**Exercise details:**
In the listing below, find the line that contains "Popular Stripe Polo" and the line that contains "Paperback Medical Council; Volume 18 Book". Quote both and every line between them, exactly, and nothing more.

**Records to process:**

%%

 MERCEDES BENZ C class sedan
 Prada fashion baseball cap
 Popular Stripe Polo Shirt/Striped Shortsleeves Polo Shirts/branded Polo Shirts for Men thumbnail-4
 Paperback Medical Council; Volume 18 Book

%%
%%

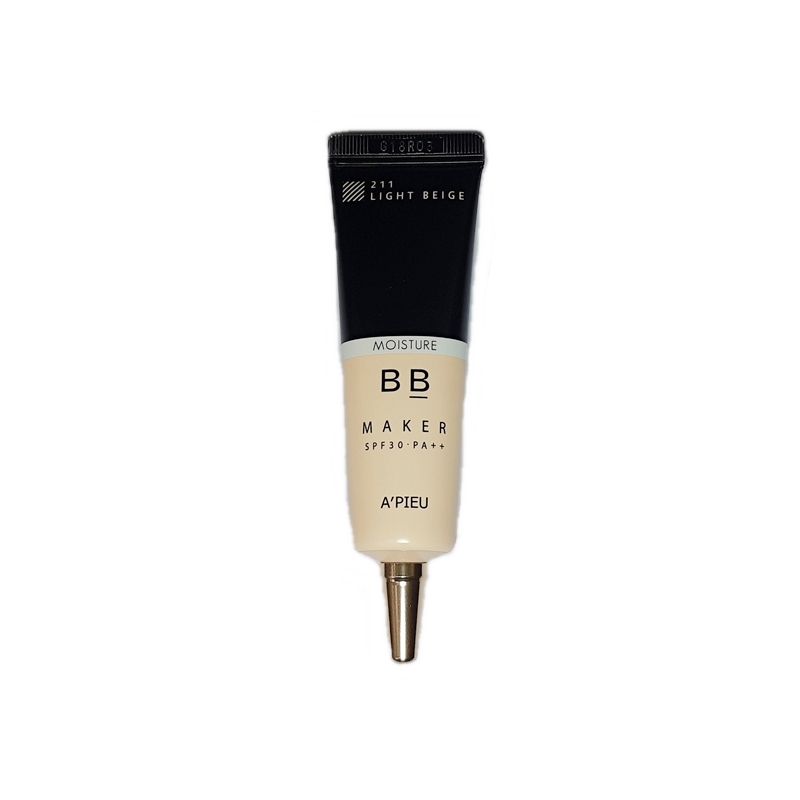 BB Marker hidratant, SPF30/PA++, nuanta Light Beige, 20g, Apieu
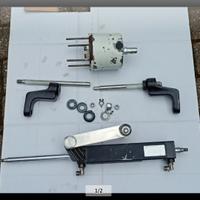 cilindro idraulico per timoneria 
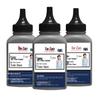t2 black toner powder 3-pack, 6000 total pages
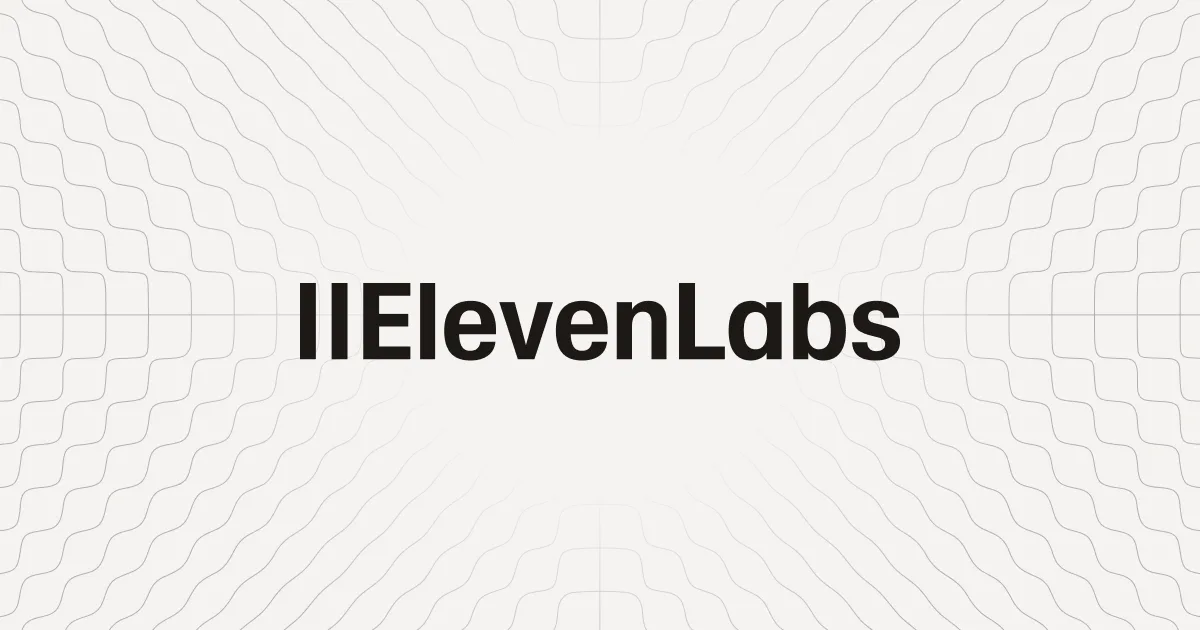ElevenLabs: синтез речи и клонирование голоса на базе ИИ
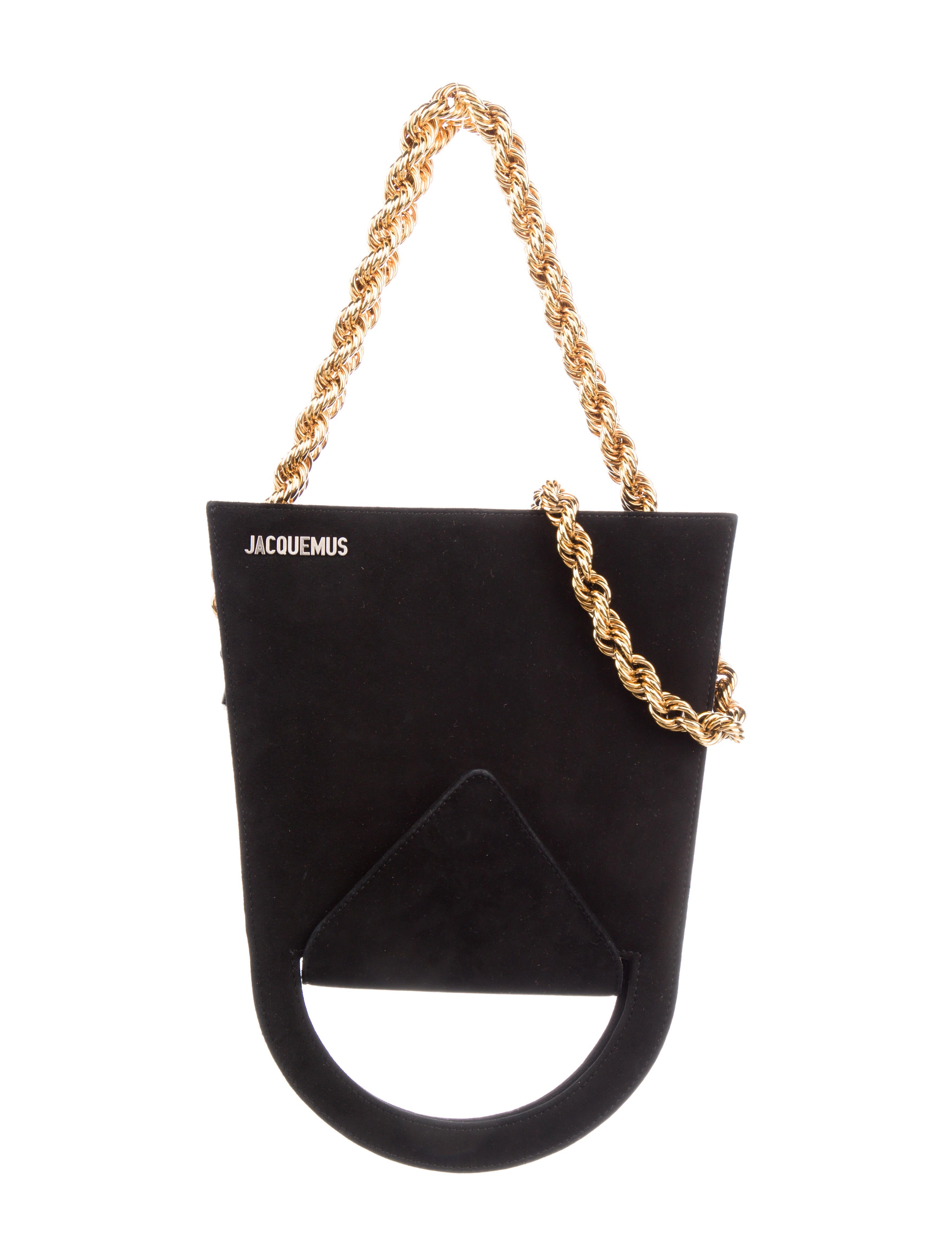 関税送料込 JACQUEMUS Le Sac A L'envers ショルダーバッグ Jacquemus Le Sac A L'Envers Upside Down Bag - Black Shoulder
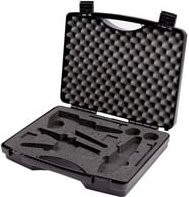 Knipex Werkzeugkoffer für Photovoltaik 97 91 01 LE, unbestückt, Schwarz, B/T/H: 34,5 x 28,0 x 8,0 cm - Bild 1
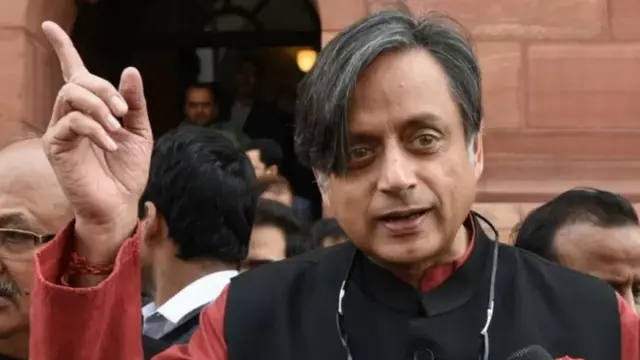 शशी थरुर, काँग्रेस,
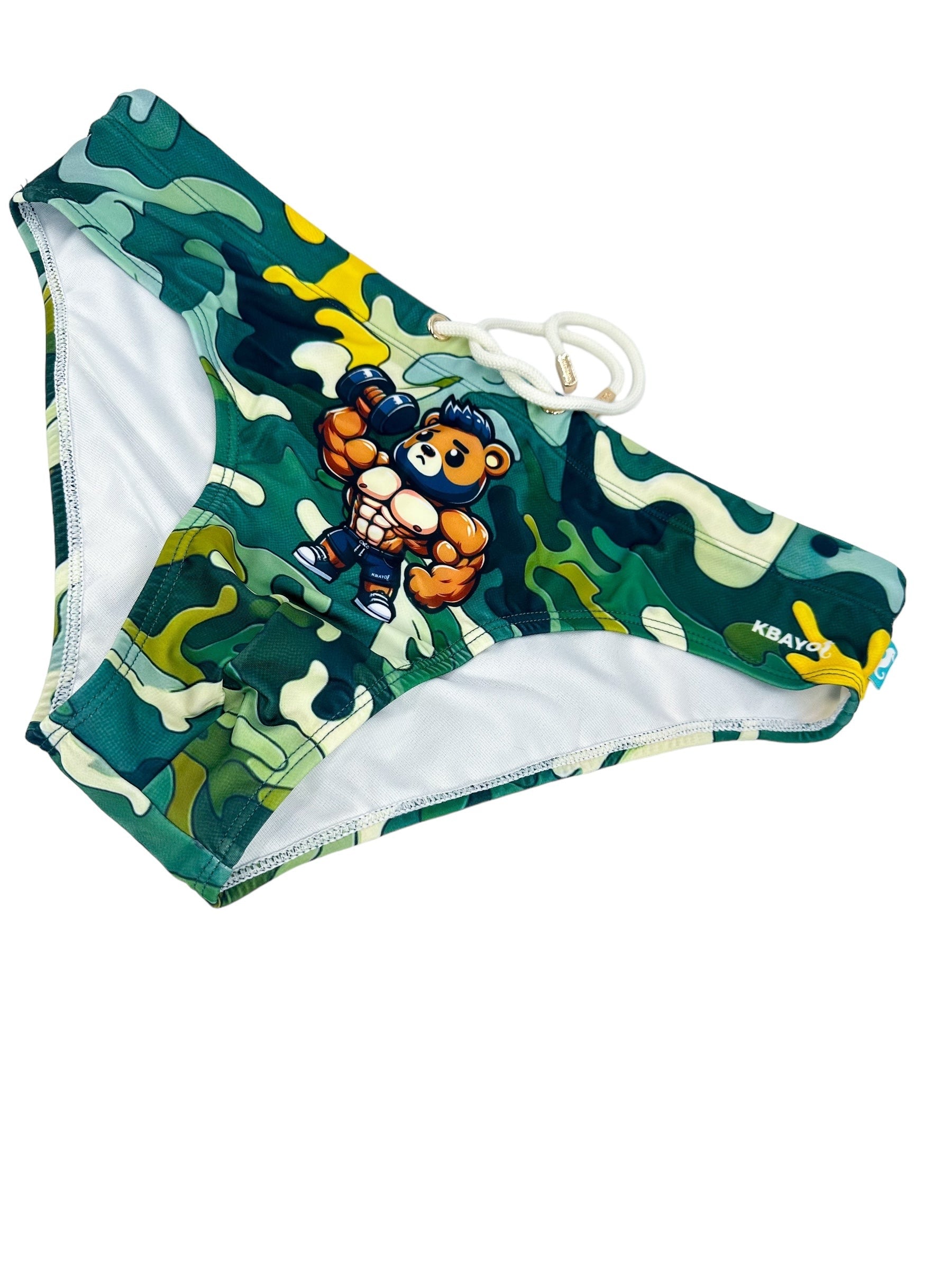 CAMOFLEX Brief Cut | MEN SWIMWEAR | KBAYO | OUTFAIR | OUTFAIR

%%
%%

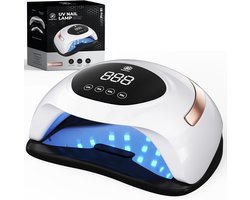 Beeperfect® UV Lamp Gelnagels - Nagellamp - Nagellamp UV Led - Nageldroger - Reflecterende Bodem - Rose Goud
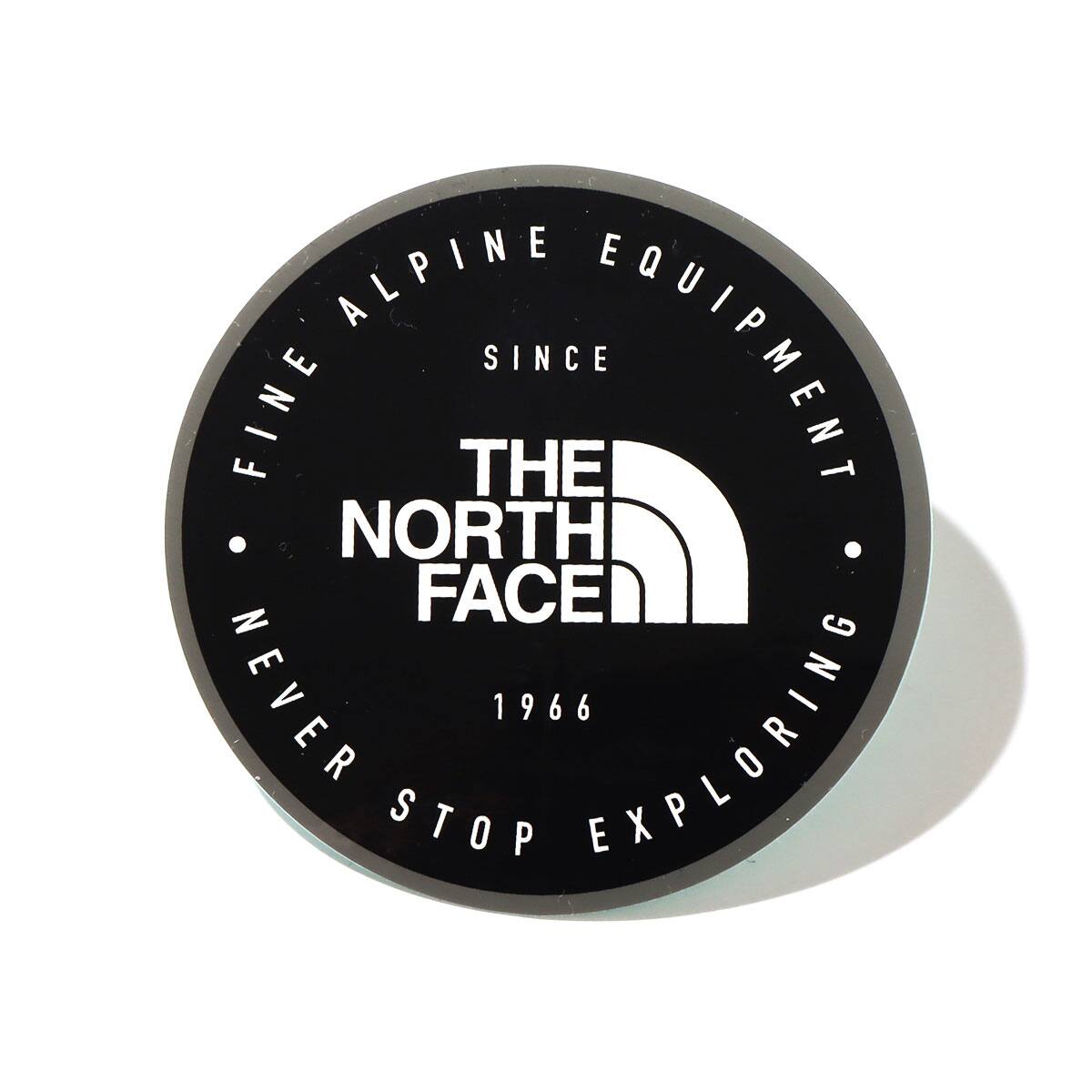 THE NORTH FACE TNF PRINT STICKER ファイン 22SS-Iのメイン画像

%%

**Response to this exercise:**
 Popular Stripe Polo Shirt/Striped Shortsleeves Polo Shirts/branded Polo Shirts for Men thumbnail-4
 Paperback Medical Council; Volume 18 Book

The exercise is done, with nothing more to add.